We spoke to Rohan Gotobed of Coast to Coast about their Edinburgh Fringe Festival show, Play Before Birth. They ask the ethical question of whether we should be having children in a planet that is becoming increasingly difficult to live in.
What is your show about?
Play Before Birth is a prenatal eco-activist thriller about four young women and climate change. Klara’s baby shower is meant to be a celebration, but as she brings new life into a dying world there are some uninvited guests. Moira wants to save the planet at any cost. Is it okay to still have children?

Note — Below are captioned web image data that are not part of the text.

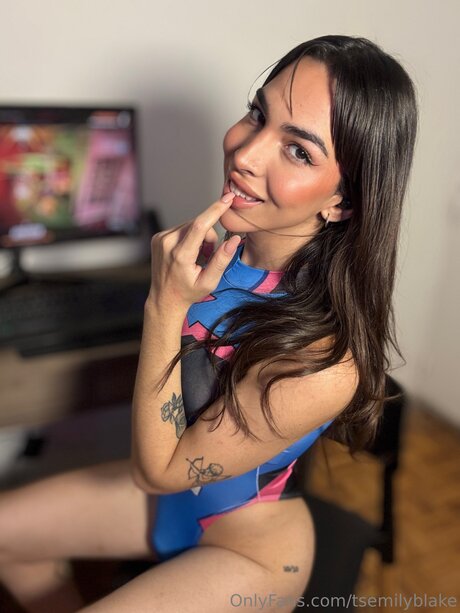 Tsemilyblake NurlyFans-Pornoleaks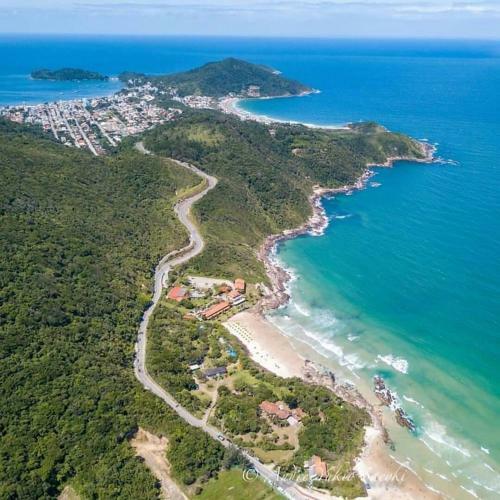Apartamento 150m Da Praia De Mariscal-bombinhas
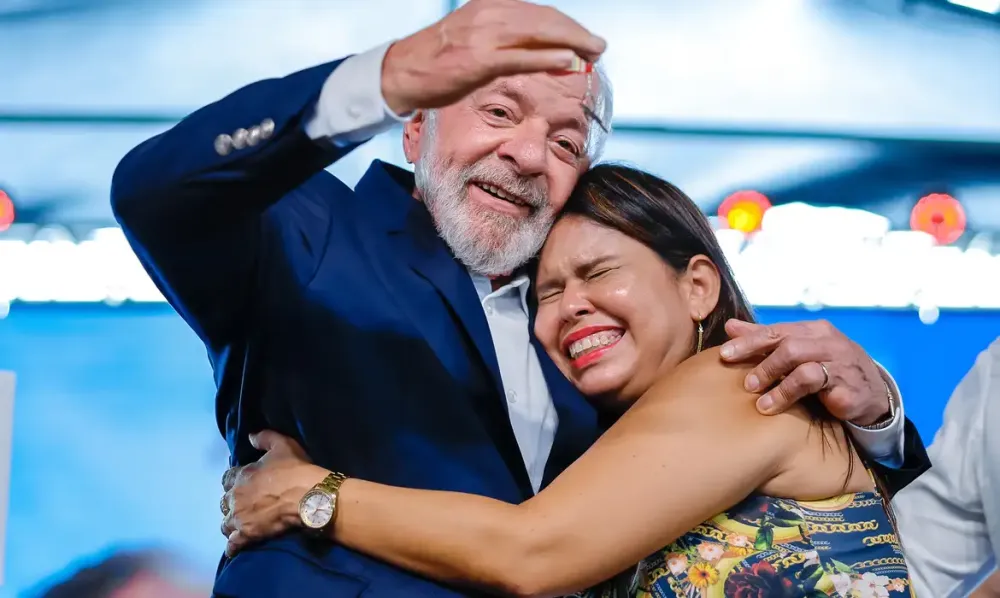 “Nós vamos derrotar as mentiras”, diz Lula em Macapá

We performed at the Edinburgh Fringe Festival 2019, at Greenside Infirmary Street from the 12th August. We incubated the show with the support of the Garage Theatre in Norwich and premiered this production there in June, but over the last month we’ve been working nonstop to further develop Play Before Birth into something beautiful and unsettling.

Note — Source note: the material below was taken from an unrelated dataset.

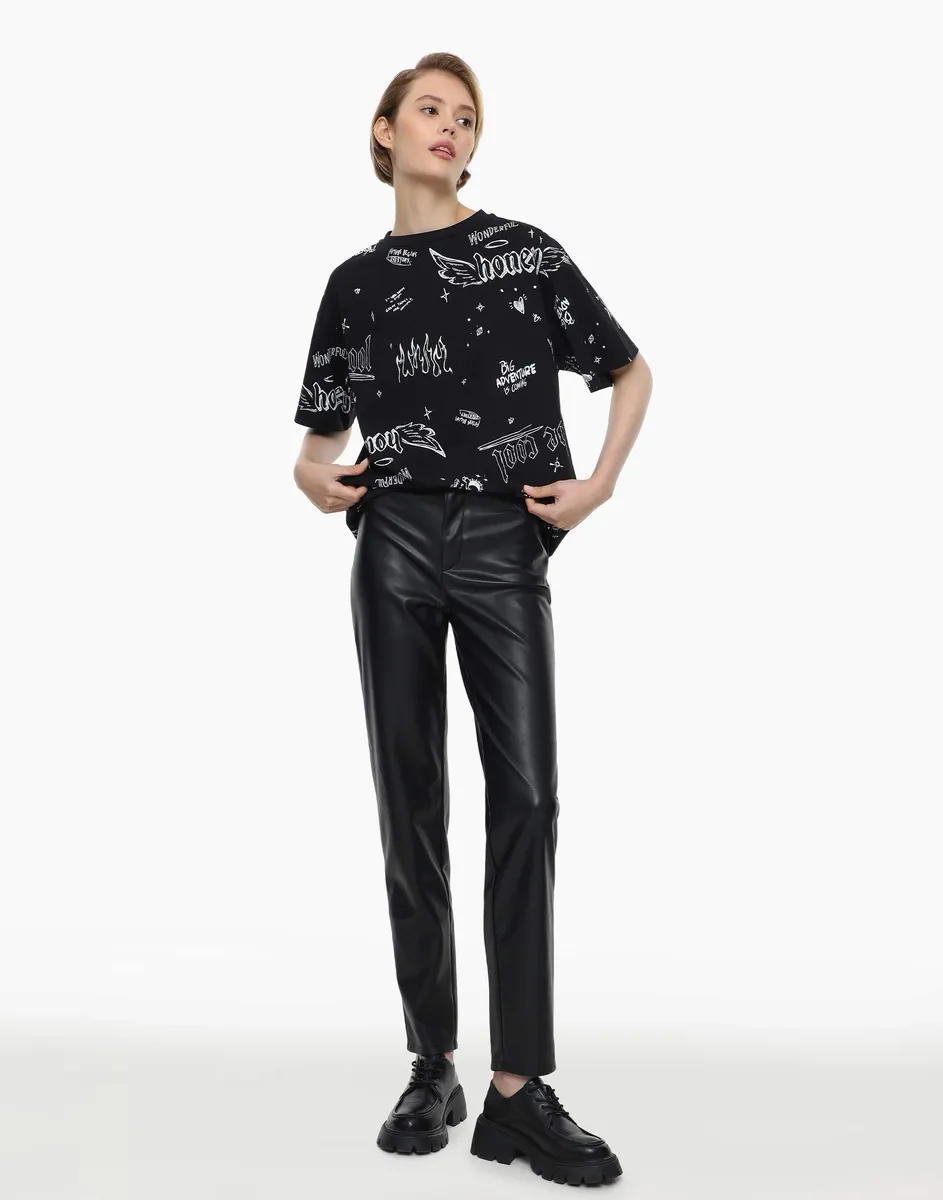 Чёрные брюки Skinny из экокожи-0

Where did the idea come from?
Coast to Coast are interested in using theatre to interrogate modern life. We wanted to create a show exploring motherhood and the morality of raising children when Donald Trump is president. At the same time wildfires in California were making headlines and we realised we couldn’t ignore the threat of climate change.
There are organisations such as Conceivable Future who believe activists should stop having children until we solve the climate crisis. The array of testimonials and accounts online from people who had gone on #BirthStrike were very moving and so we synthesised the two ideas. What is the morality of bringing children into a world where their lives are going to be extremely difficult?

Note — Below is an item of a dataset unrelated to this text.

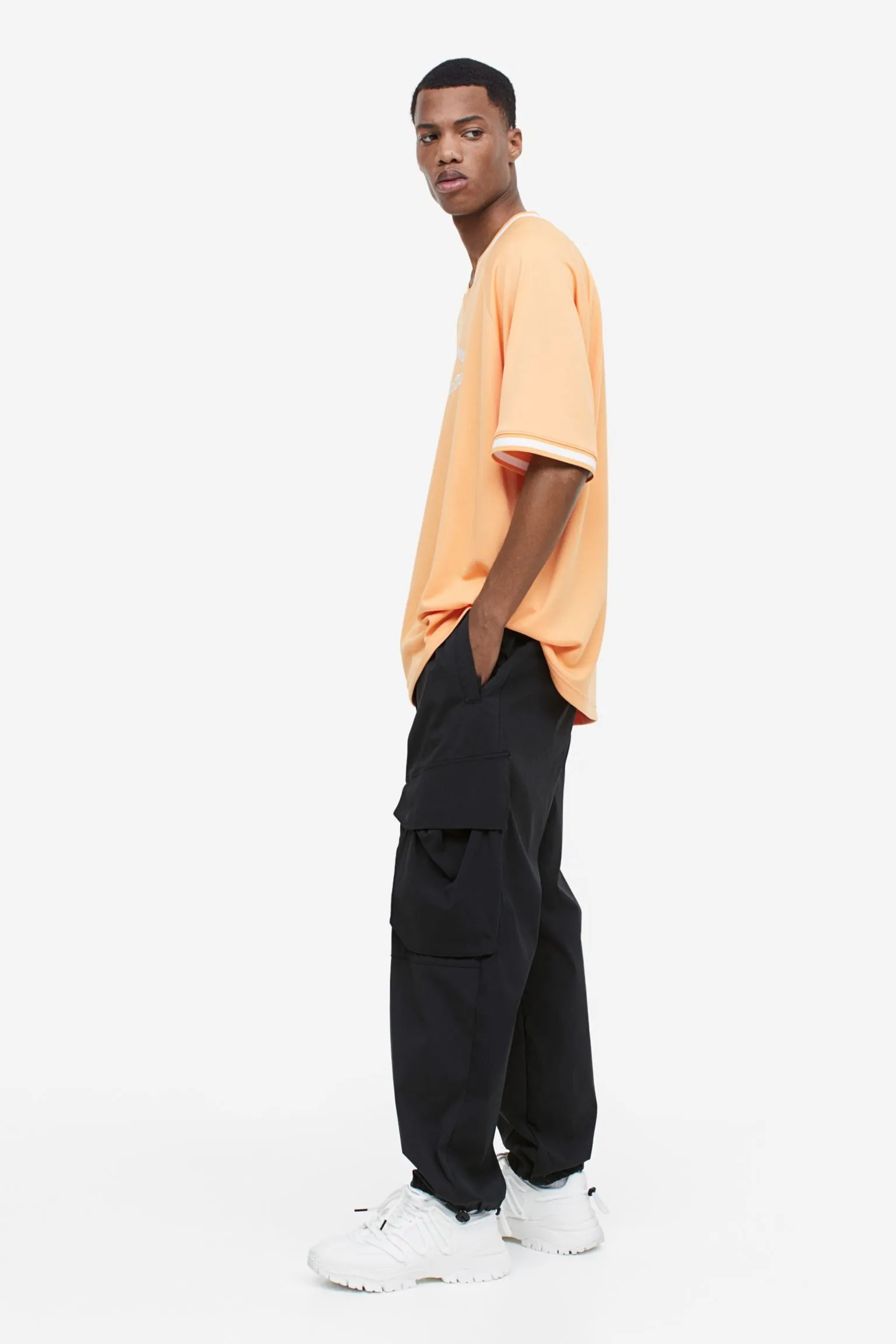 H&M Relaxed Fit Nylon Cargo Pants, black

How did you realise that the show would end up being concerned with
sustainability and carry a message about our environmental impact on the planet?
In the early stages of rehearsals, we were most invested in the responsibility that comes with
motherhood and how that responds to our ‘stewardship’ of the planet. This play would be an
evocation. Then Extinction Rebellion happened. We met members of the organisation and saw the way these protests changed the environmental conversation.
The character of Moira, who had previously been extremely antagonistic, instead became justified in her beliefs. We decided to set the play on the 8th October 2018, as the IPCC report was released so that none of the characters can hide from the environmental consequences of their actions. This inspired us as a company to see what more we could do to make Play Before Birth sustainable and join Staging Change.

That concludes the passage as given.